That's a bug bivy with a mesh top (from Marmot) beneath the tarp and not a tent (see below).

www.youtube.com/watch?v=i9E6koVov4A


----------



## stumpbumper (Dec 3, 2010)

rushman3 said:


> Great idea, thanks for the photos of your FS bike with a rear rack. I have been thinking about setting up my 29 HT for Bikepacking, but now maybe using my 2011 29er FS STJ, if I can fiqure out the rear rack system.


The rear rack on my full-suspension bike shown in the photo is available from Old Man Mountain.
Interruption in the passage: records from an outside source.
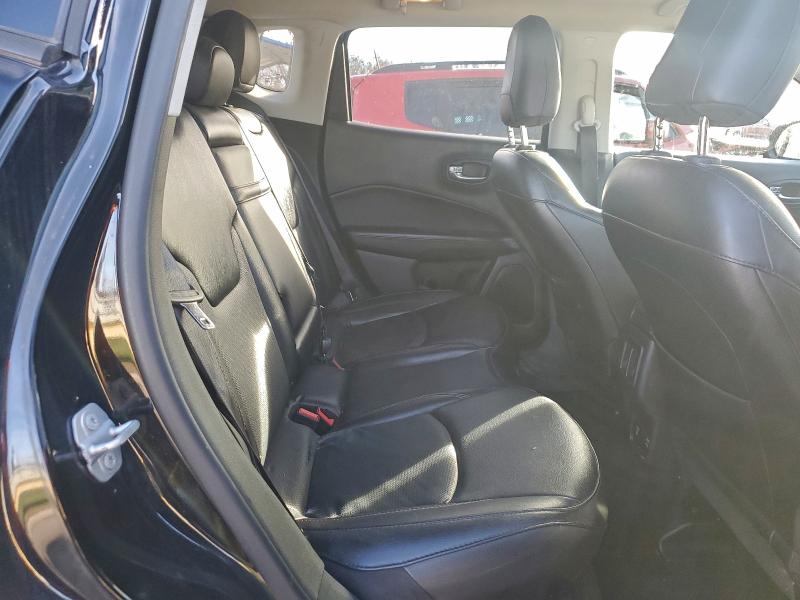 Фото 11 - JEEP COMPASS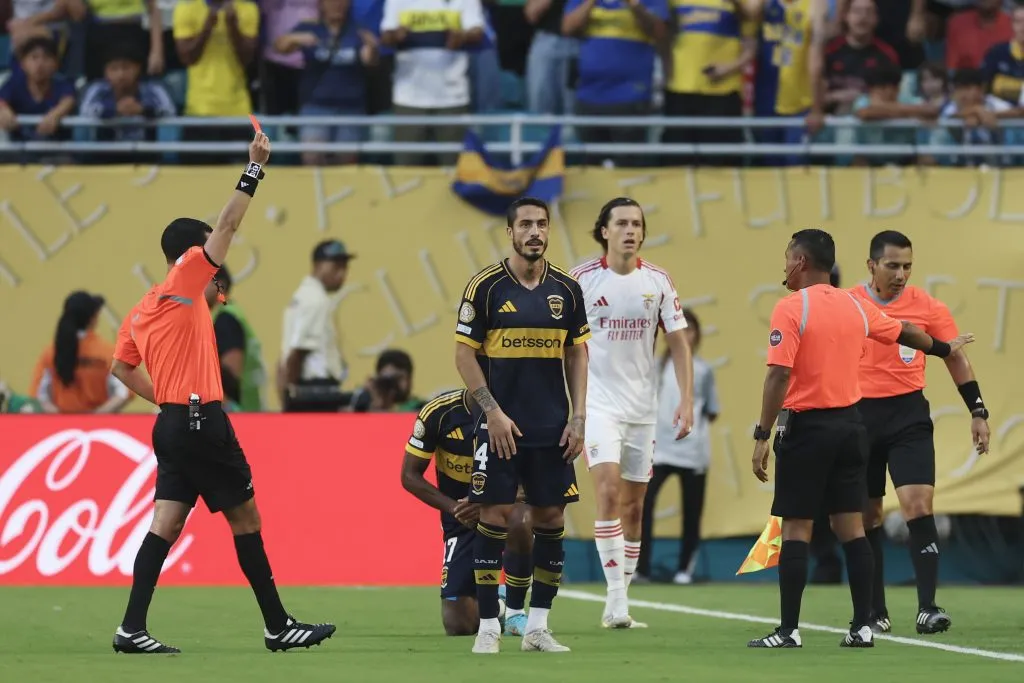 Figal, expulsado por una patada sin sentido. Foto: Getty.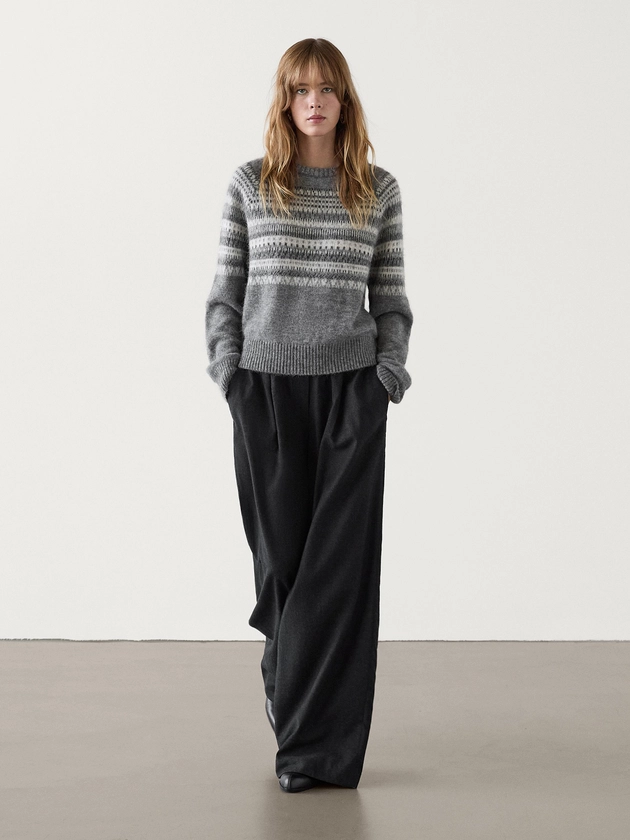 Knit jacquard sweater with design · Grey · Sweaters And Cardigans | Massimo Dutti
As far as I know, that's the only shop that offers front and rear racks for all makes and models of full-squishers (site quick link below). :thumbsup:

http://www.oldmanmountain.com/


----------



## stumpbumper (Dec 3, 2010)

Those who are interested in having a bikepacking forum added to MTBR and know how to communicate with the moderator might want to refer him/her to this recent posting on the North Carolina/South Carolina thread. :thumbsup:

http://forums.mtbr.com/showthread.php?t=704884


----------



## AZ (Apr 14, 2009)

A bump for a worthy goal.


----------



## wbmason55 (May 30, 2010)

AZ.MTNS said:


> A bump for a worthy goal.


Yes, still desired and not forgotten.


----------



## Okie81 (Apr 7, 2010)

Bump, any word on a new bikepacking forum?


----------



## jmmUT (Sep 15, 2008)

I just sent them an inquiry explaining the interest people have shown and asking about feasibility. In the mean time here's some stoke from a 80 mile route of pavement, gravel, and jeep roads I just did from Durango to Telluride, CO for the Bluegrass festival.
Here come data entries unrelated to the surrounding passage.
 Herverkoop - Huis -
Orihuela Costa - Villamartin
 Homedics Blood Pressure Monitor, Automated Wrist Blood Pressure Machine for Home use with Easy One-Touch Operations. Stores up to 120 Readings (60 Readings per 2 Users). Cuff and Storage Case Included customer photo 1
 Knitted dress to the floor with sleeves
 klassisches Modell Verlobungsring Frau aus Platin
I did it singlespeed (32:22) and fully loaded (I wanted to be comfortable 5 days at the fest). Next time I'm using gears and bringing less stuff.


----------



## GittinSkinny (Jan 12, 2010)

+1 Bikepacking!!!!!!!!!


----------



## Oh-my-tush-a (Dec 7, 2010)

Awesome pictures of your route from Durango to Telluride. We are planning on bikepacking the Colorado Trail from Salida to Durango very soon. Any beta on snowpack and conditions in the San Juans along the CT would be great! Your pics look like the snow is melting fast!


----------



## jmmUT (Sep 15, 2008)

Oh-my-tush-a said:


> Awesome pictures of your route from Durango to Telluride. We are planning on bikepacking the Colorado Trail from Salida to Durango very soon. Any beta on snowpack and conditions in the San Juans along the CT would be great! Your pics look like the snow is melting fast!
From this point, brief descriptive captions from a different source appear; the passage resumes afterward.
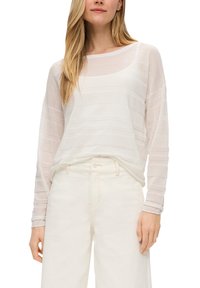 Top leggero e trasparente a maniche lunghe di colore bianco con righe orizzontali; vestibilità comoda e scollo rotondo, abbinato a pantaloni chiari.
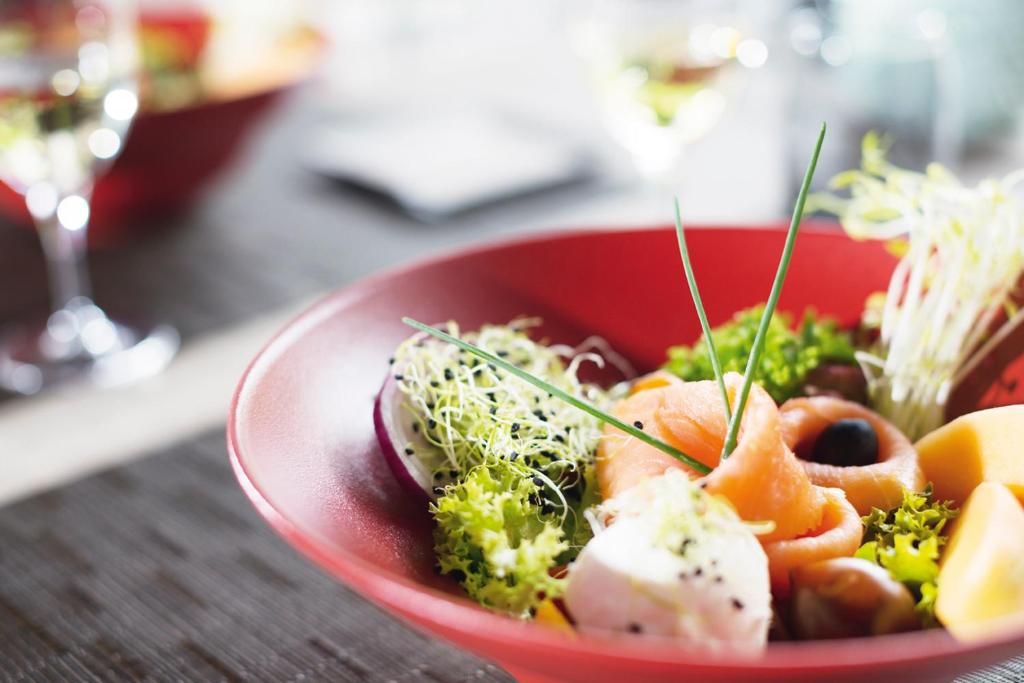 อาหารและเครื่องดื่ม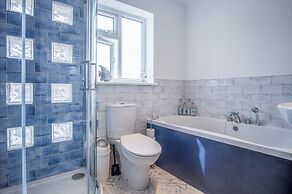 Town Heights - 3 Bedroom Holiday Home - Tenby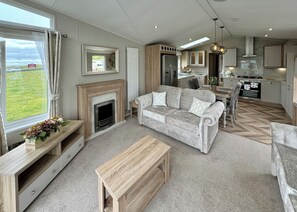 TV - Platinum 2 Bed Spa Slps 4 (Pet) (Clarach)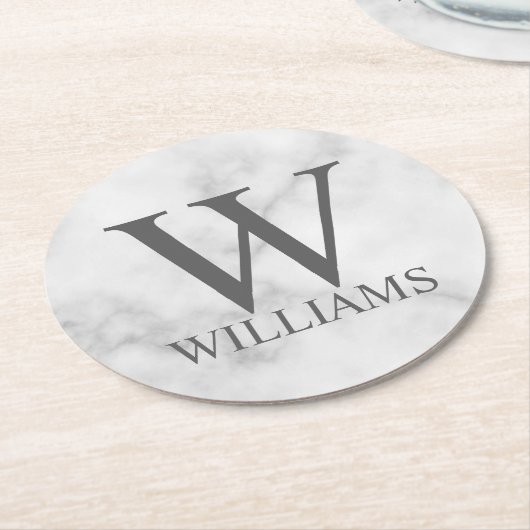 Personalisiertes Monogramm aus weißem Marmor und N Runder Pappuntersetzer (Angewinkelt)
Lower elevation of the CT Junction Creek, Dry Fork area are bone dry but it actually dropped four inches of wet snow just below timberline on June 19 and 20th! But it's been 90's in the lower elevations and 70's in the upper so the snow and mud is probably gone now. I saw people starting foot treks of the trail the other day so it's probably ok now


----------



## Jwiffle (Jan 26, 2004)

Voted yes, as my son and I have gotten into bikepacking recently. It is a lot of fun.


----------